◆ What you will do
For this exercise, return only the lines in the records below from the one holding "ROMYIX 6 Speed" through the one holding "Intellinet 711449 Régua", including both, exactly as they appear and without pictures.

*** Opening of Records for this exercise ***

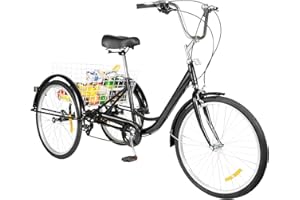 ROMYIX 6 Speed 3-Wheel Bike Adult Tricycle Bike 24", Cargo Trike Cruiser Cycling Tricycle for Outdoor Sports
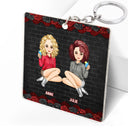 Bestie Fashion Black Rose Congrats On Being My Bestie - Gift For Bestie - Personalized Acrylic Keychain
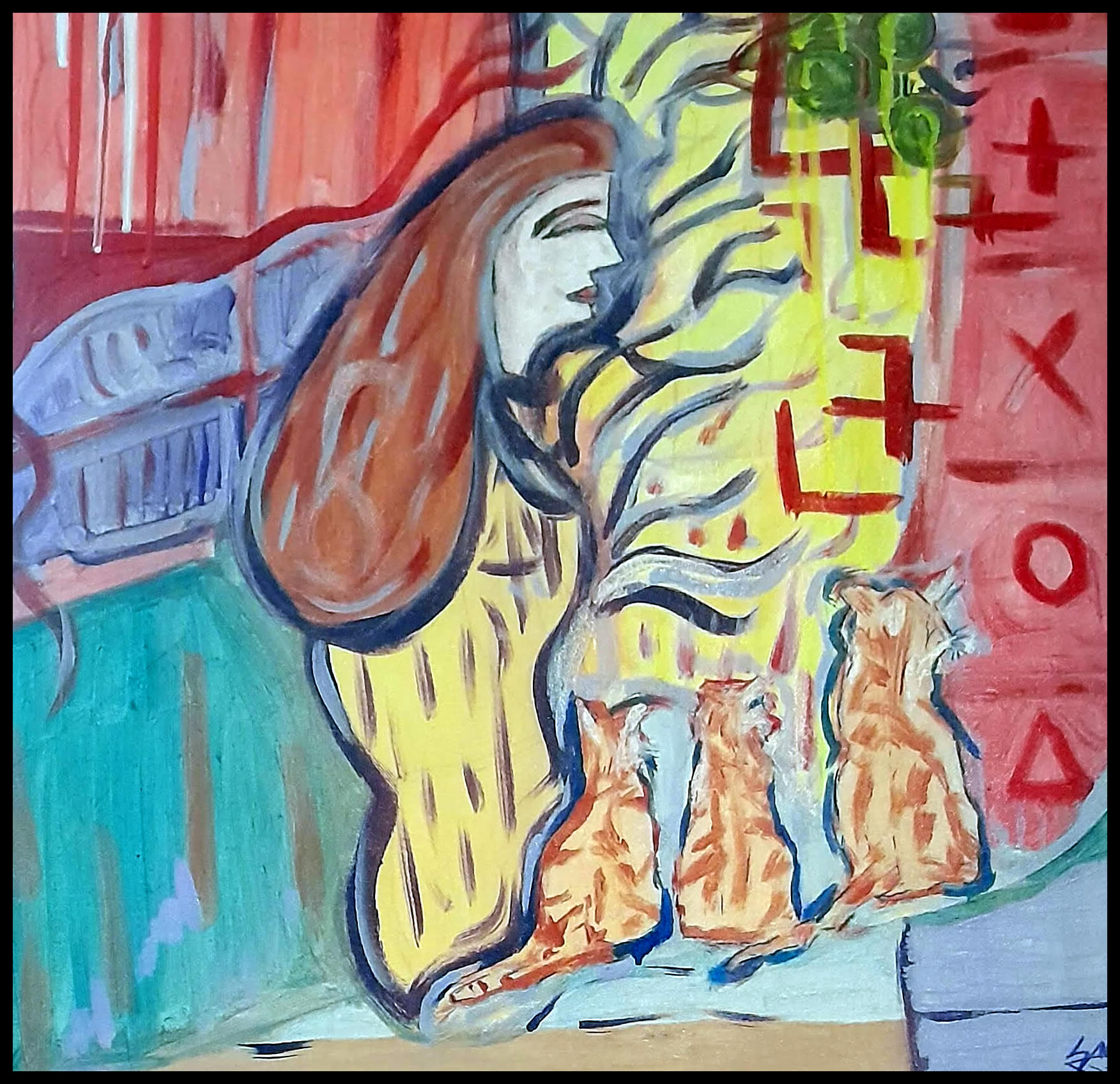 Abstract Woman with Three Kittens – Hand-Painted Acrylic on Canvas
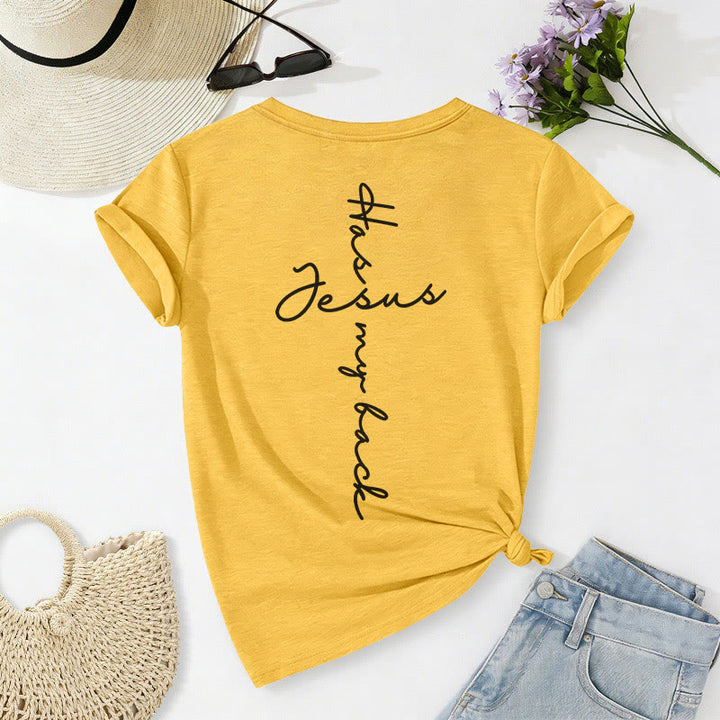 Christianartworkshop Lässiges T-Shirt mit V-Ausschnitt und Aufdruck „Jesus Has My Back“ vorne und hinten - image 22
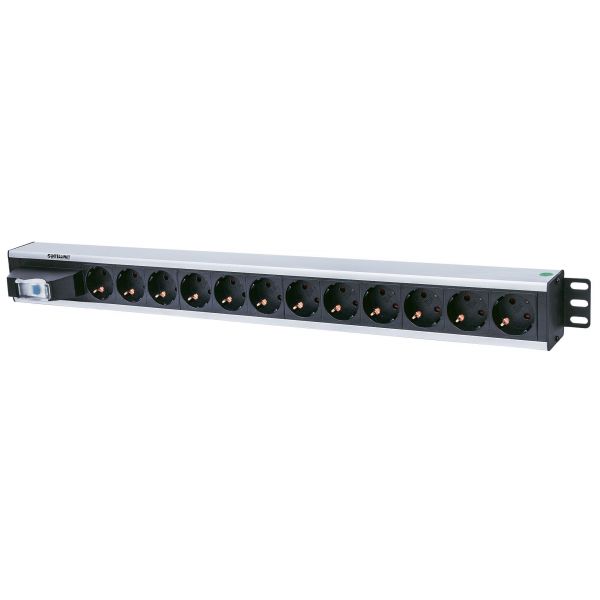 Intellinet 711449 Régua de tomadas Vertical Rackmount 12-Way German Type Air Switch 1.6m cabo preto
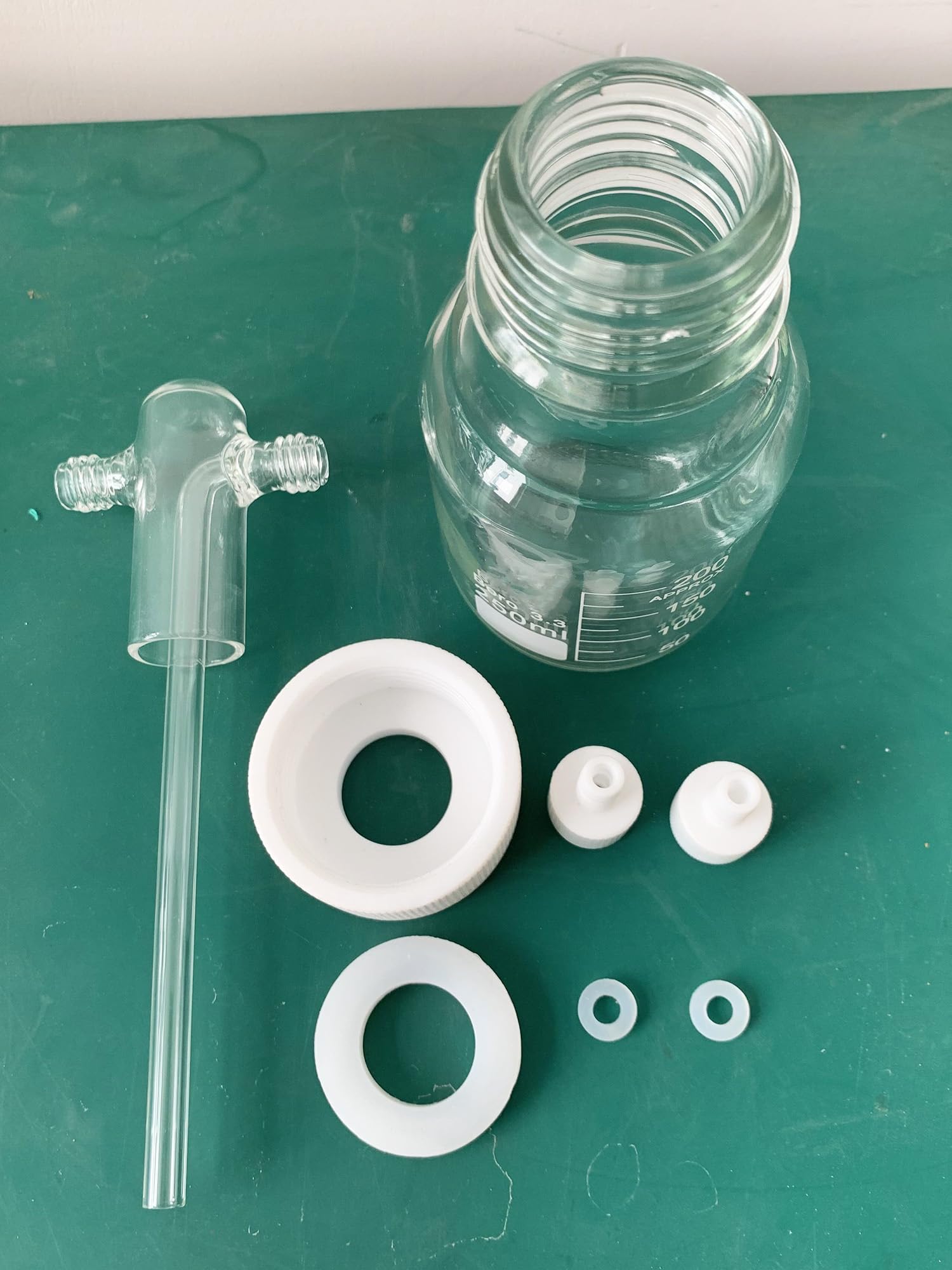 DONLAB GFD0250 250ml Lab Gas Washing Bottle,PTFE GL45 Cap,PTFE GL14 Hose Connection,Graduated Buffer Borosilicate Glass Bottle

*** Close of Records for this exercise ***
*** Opening of Records for this exercise ***

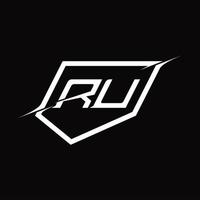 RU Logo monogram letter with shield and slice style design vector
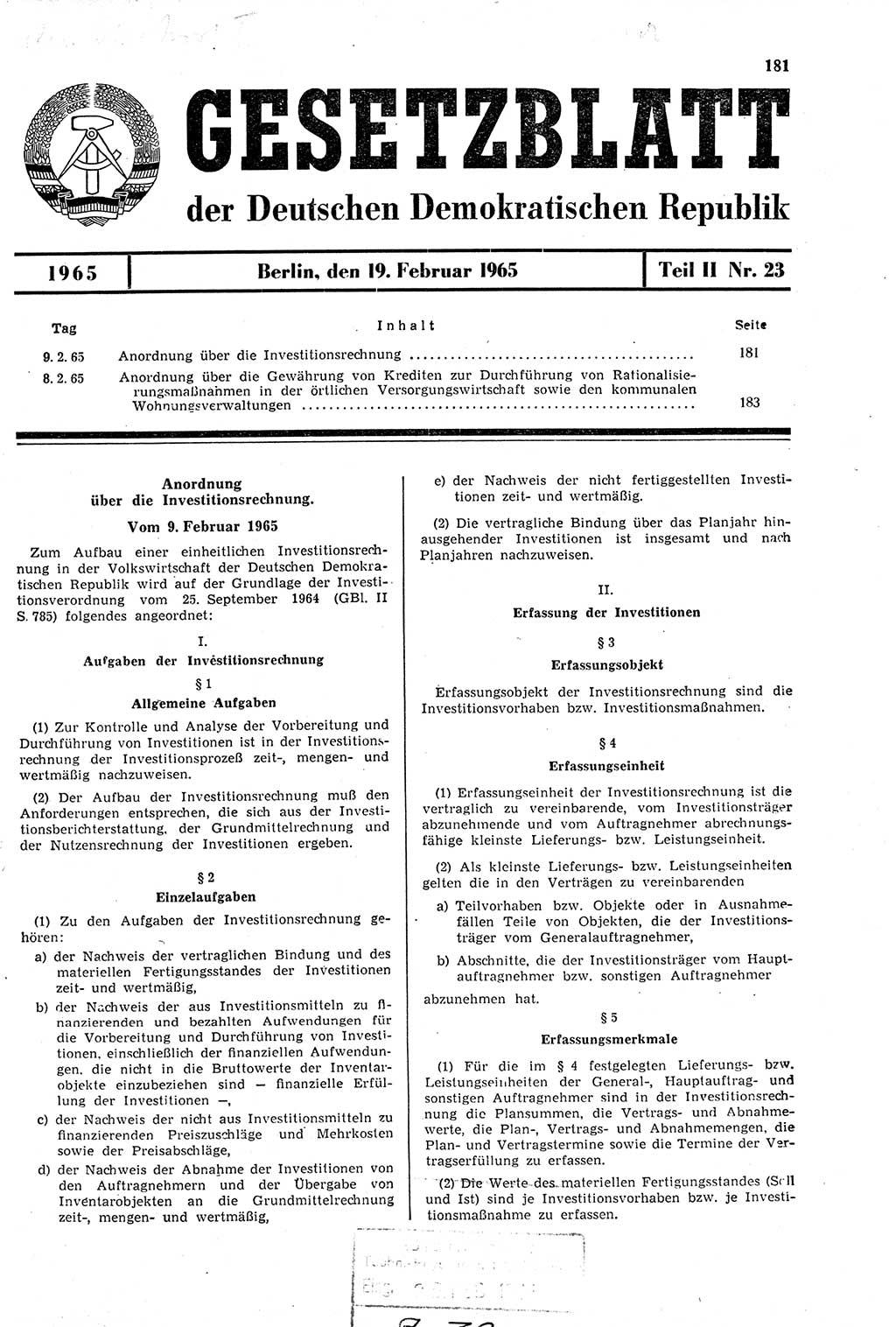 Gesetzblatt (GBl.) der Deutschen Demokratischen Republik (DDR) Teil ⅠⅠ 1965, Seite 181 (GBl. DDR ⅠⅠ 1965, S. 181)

*** Close of Records for this exercise ***

◆ Exercise answer
 ROMYIX 6 Speed 3-Wheel Bike Adult Tricycle Bike 24", Cargo Trike Cruiser Cycling Tricycle for Outdoor Sports
 Bestie Fashion Black Rose Congrats On Being My Bestie - Gift For Bestie - Personalized Acrylic Keychain
 Abstract Woman with Three Kittens – Hand-Painted Acrylic on Canvas
 Christianartworkshop Lässiges T-Shirt mit V-Ausschnitt und Aufdruck „Jesus Has My Back“ vorne und hinten - image 22
 Intellinet 711449 Régua de tomadas Vertical Rackmount 12-Way German Type Air Switch 1.6m cabo preto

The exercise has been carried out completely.